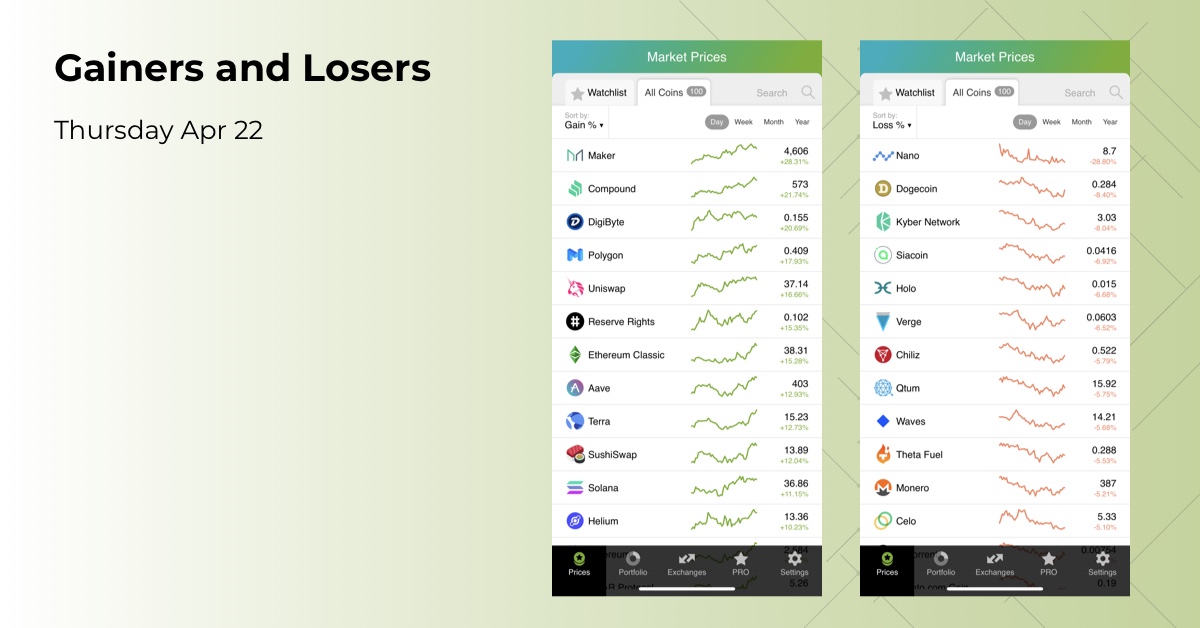 Gainers and Losers Apr 22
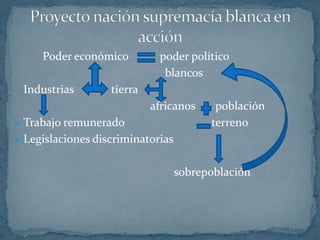 Política de  Bélgica Sistema: Occidentalización Ideología: dominamos para servir Un ser con piel negra pero con alma blancaFuncionamiento: èvoluè oimmatricules. Se da una etapa intermedia entre el africano y el  		Charles Marlowhombre occidental donde presenta una prueba de valoración para que se le considere civilizado, este valor denotaba cierta mejora 		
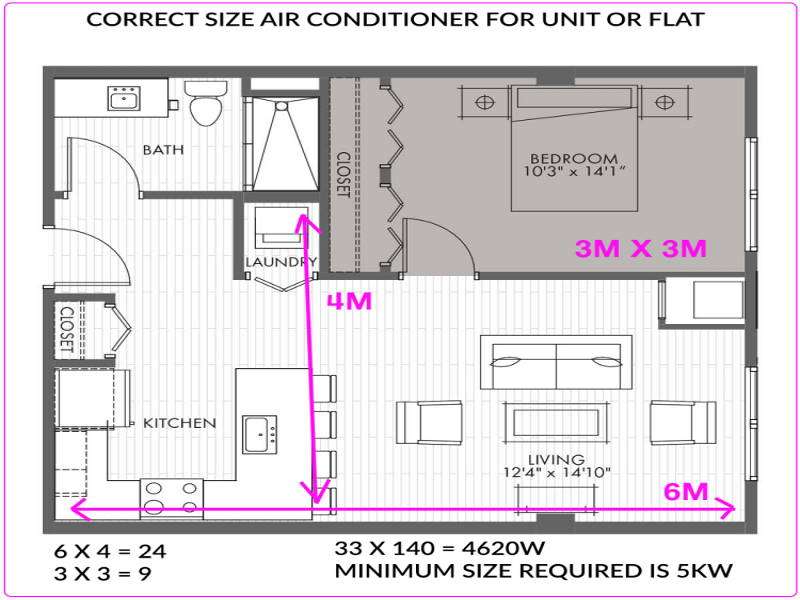 right size air conditioner for unit or flat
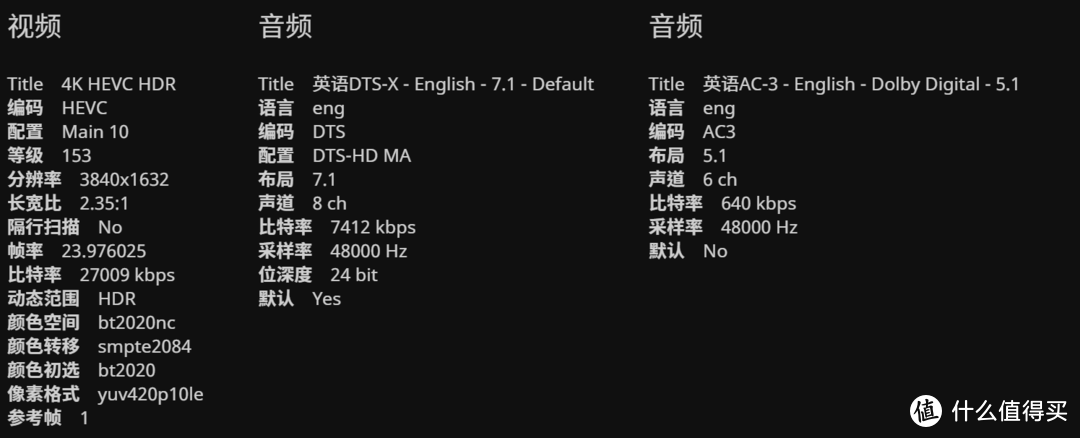 NAS折腾记4：三大主流影视管理平台横评：EMBY PLEX JELLYFIN评测（下篇）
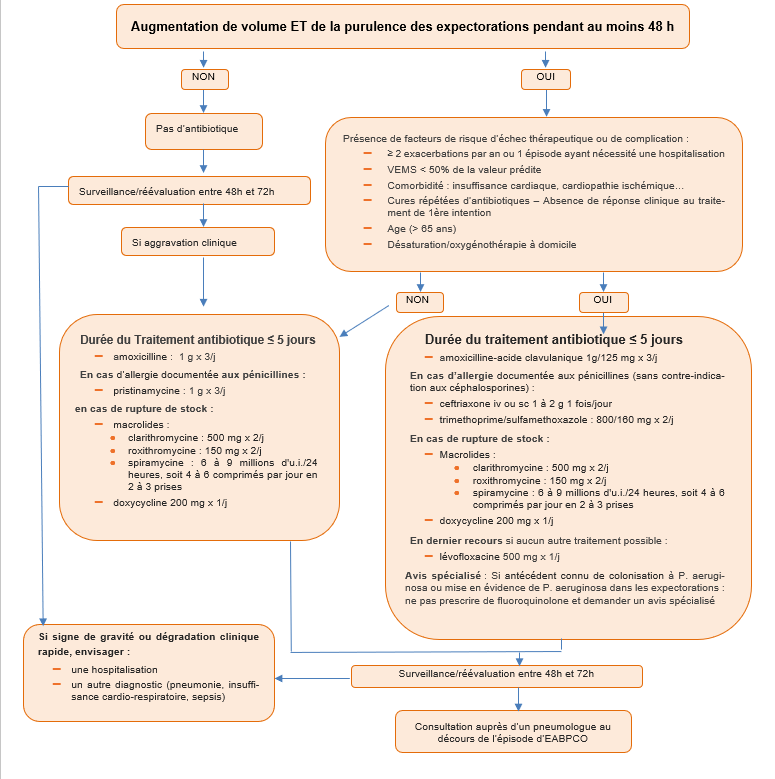 Augmentation de volume ET de la purulence des expectorations pendant au moins 48 h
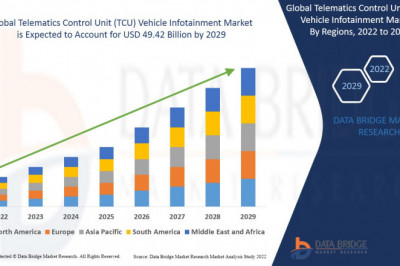 Telematics Control Unit (TCU) Vehicle Infotainment Market Progression Status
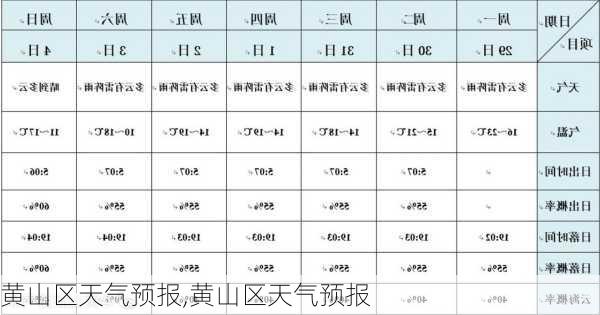 黄山区天气预报,黄山区天气预报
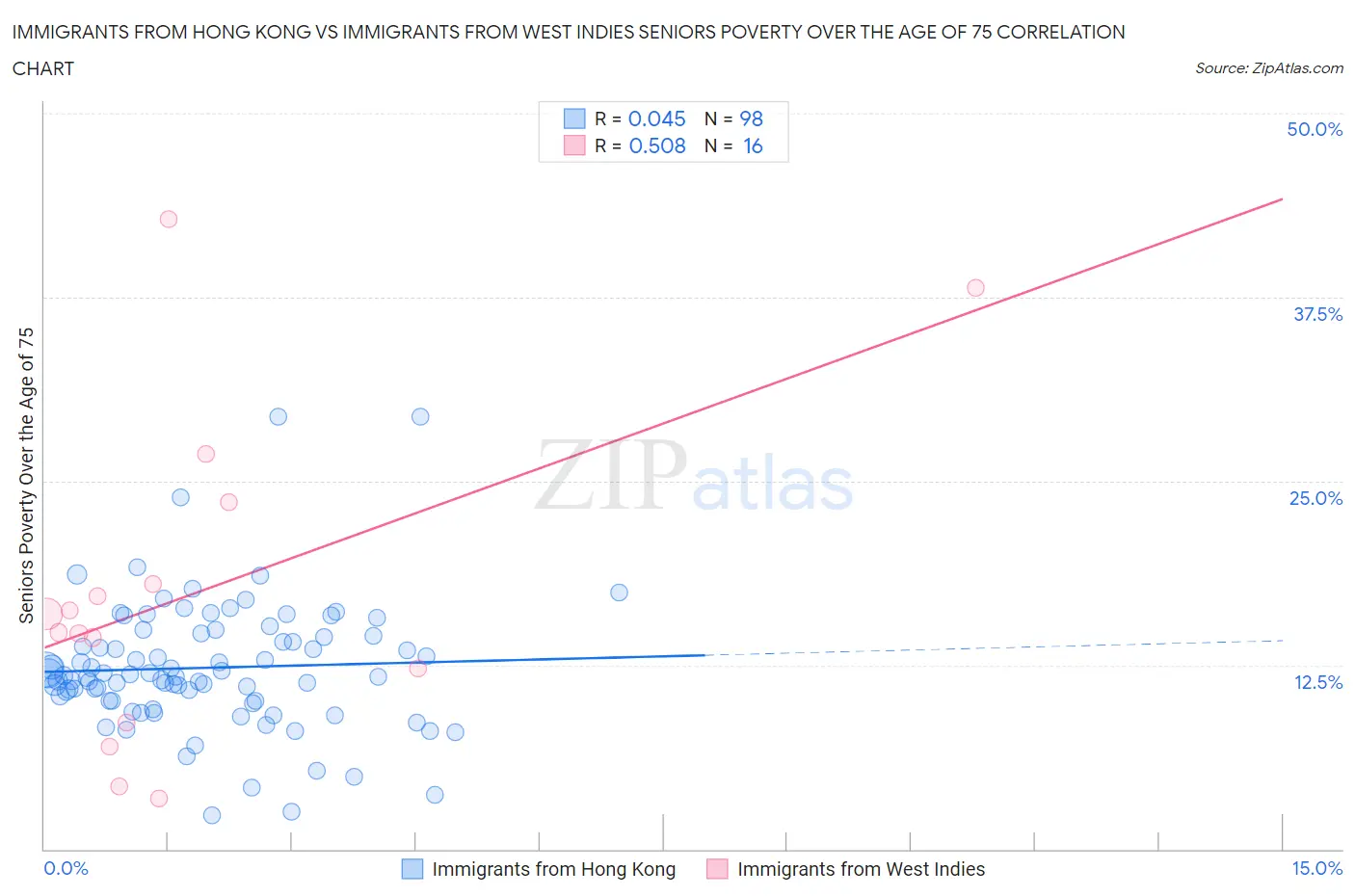 Immigrants from Hong Kong vs Immigrants from West Indies Seniors Poverty Over the Age of 75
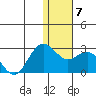 St. Paul Island tide chart for Wednesday, January 7, 2026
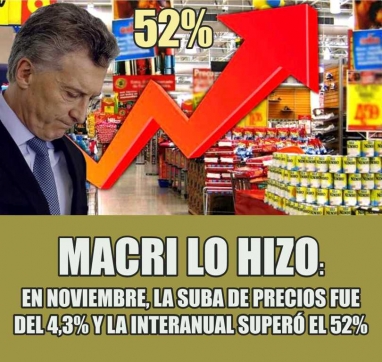 Macri lo hizo: En noviembre, la suba de precios fue del 4,3% y la interanual superó el 52%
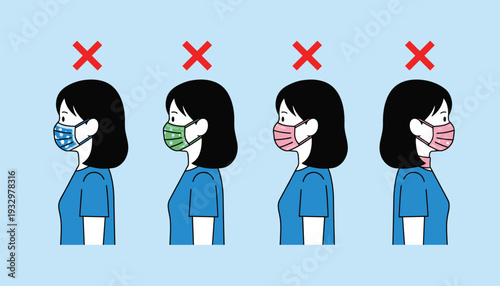Cartoon vector illustration showing incorrect ways to wear protective face mask, health safety mistakes, medical awareness, prevention, hygiene education concept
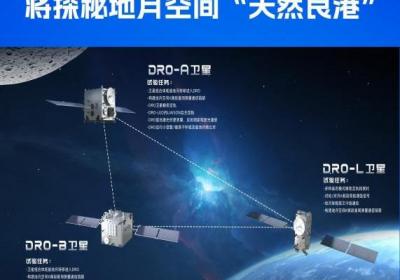 探秘地月空间“天然良港” 我国成功构建地月空间三星星座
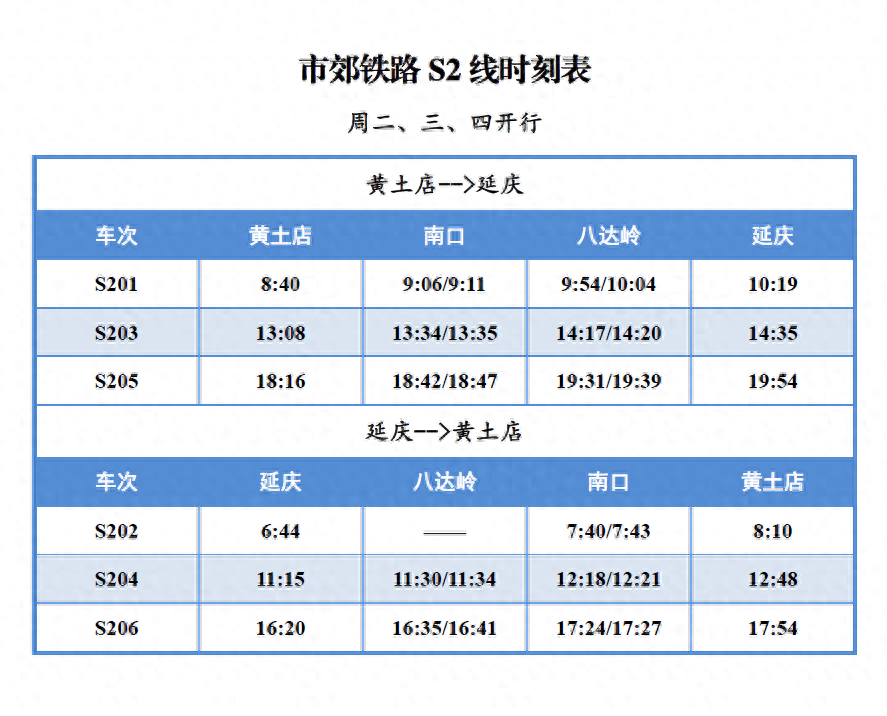 八达岭S2线最新时刻表深度解析与观点阐述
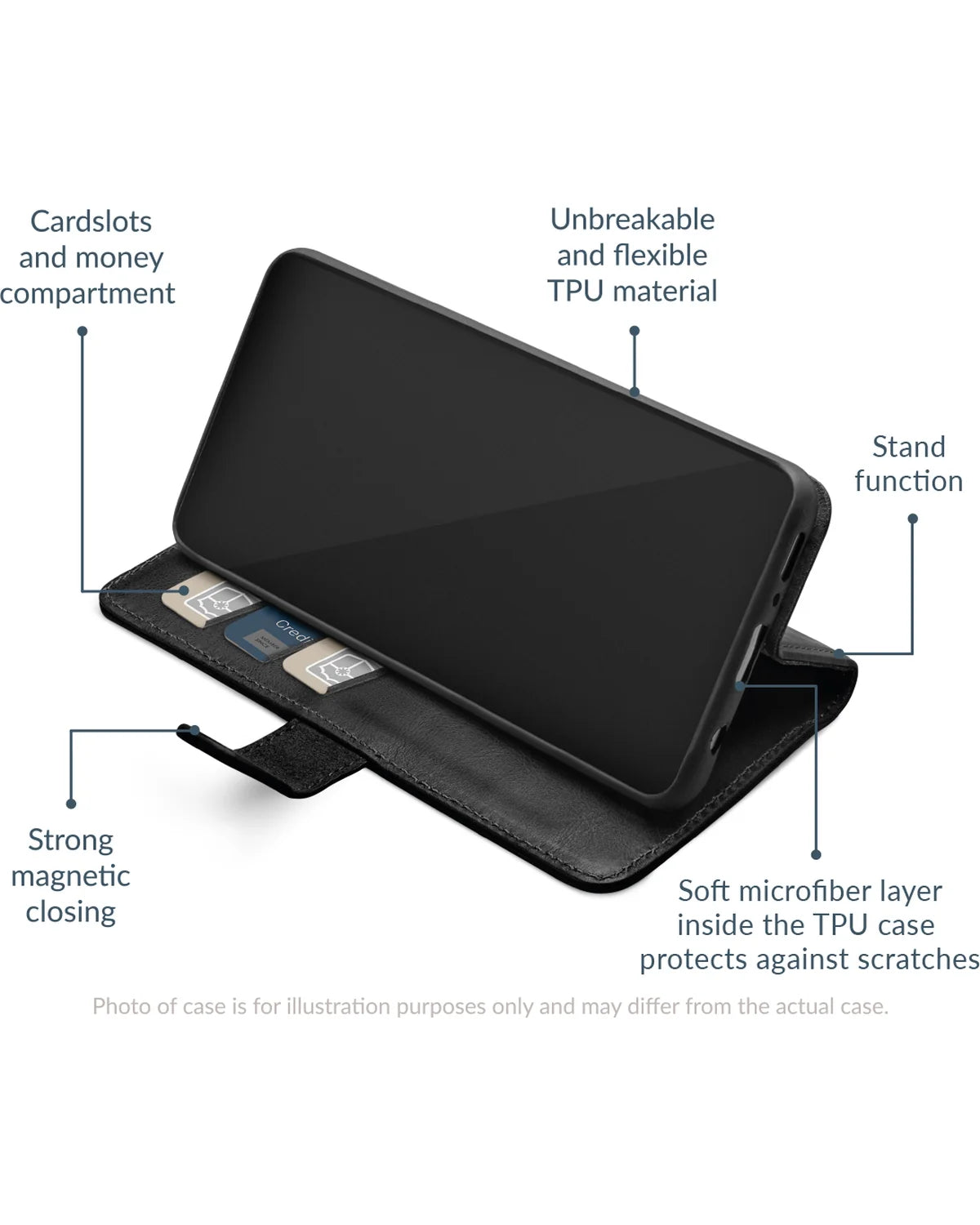Mobilize Leather Wallet Hoesje – Samsung Galaxy S25 Edge 5G – Zwart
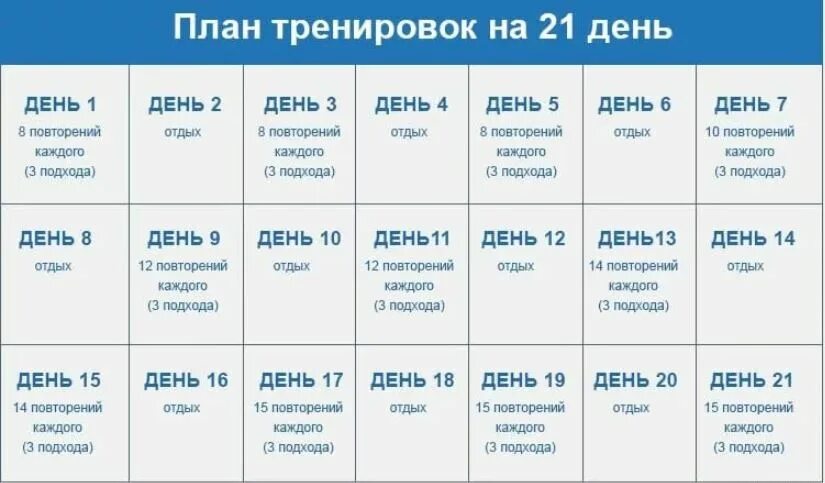 План тренировок. План занятий на похудение. План тренировок для похудения. План тренировок для снижения веса.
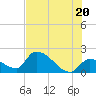 Raccoon Key East tide chart for Friday, June 20, 2025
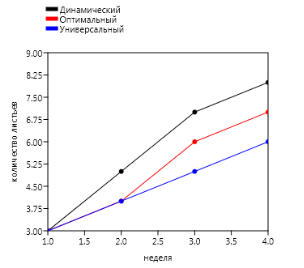Динамика листообразования растений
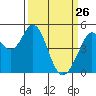 Hercules tide chart for Saturday, March 26, 2022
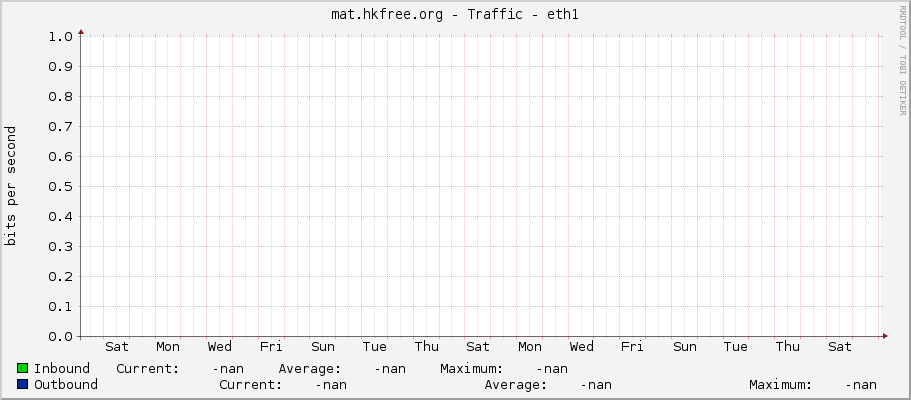 mat.hkfree.org - Traffic - eth1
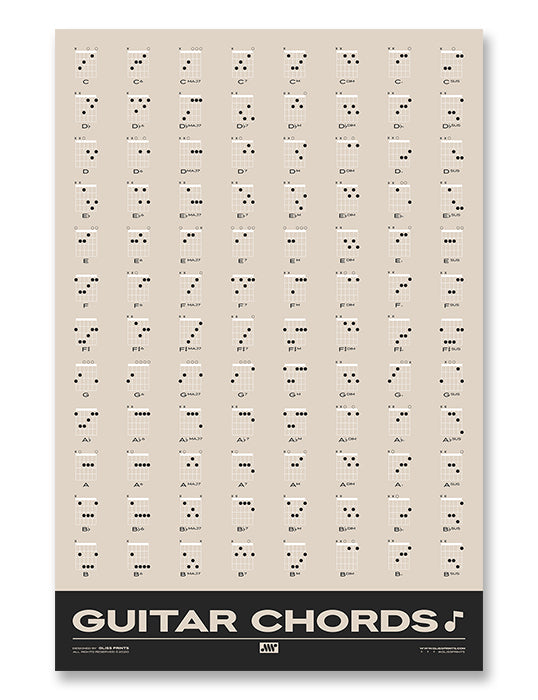 Guitar Chords Chart Poster, Cream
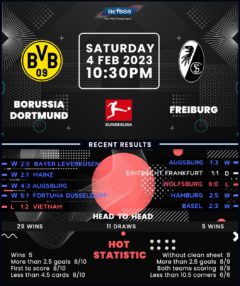 Borussia Dortmund vs Freiburg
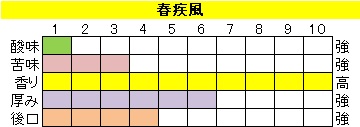 マイルドブレンド 【春疾風（はるはやて）】の画像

○ ○ ○ ○ ○

- _Exercise prompt_:
Exact copy, no pictures. Write out the lines in the entries above, starting with the line with "Augmentation de volume" and going on through the line with "St. Paul Island", keeping both.

- _Response to this exercise_:
 Augmentation de volume ET de la purulence des expectorations pendant au moins 48 h
 Telematics Control Unit (TCU) Vehicle Infotainment Market Progression Status
 黄山区天气预报,黄山区天气预报
 Immigrants from Hong Kong vs Immigrants from West Indies Seniors Poverty Over the Age of 75
 St. Paul Island tide chart for Wednesday, January 7, 2026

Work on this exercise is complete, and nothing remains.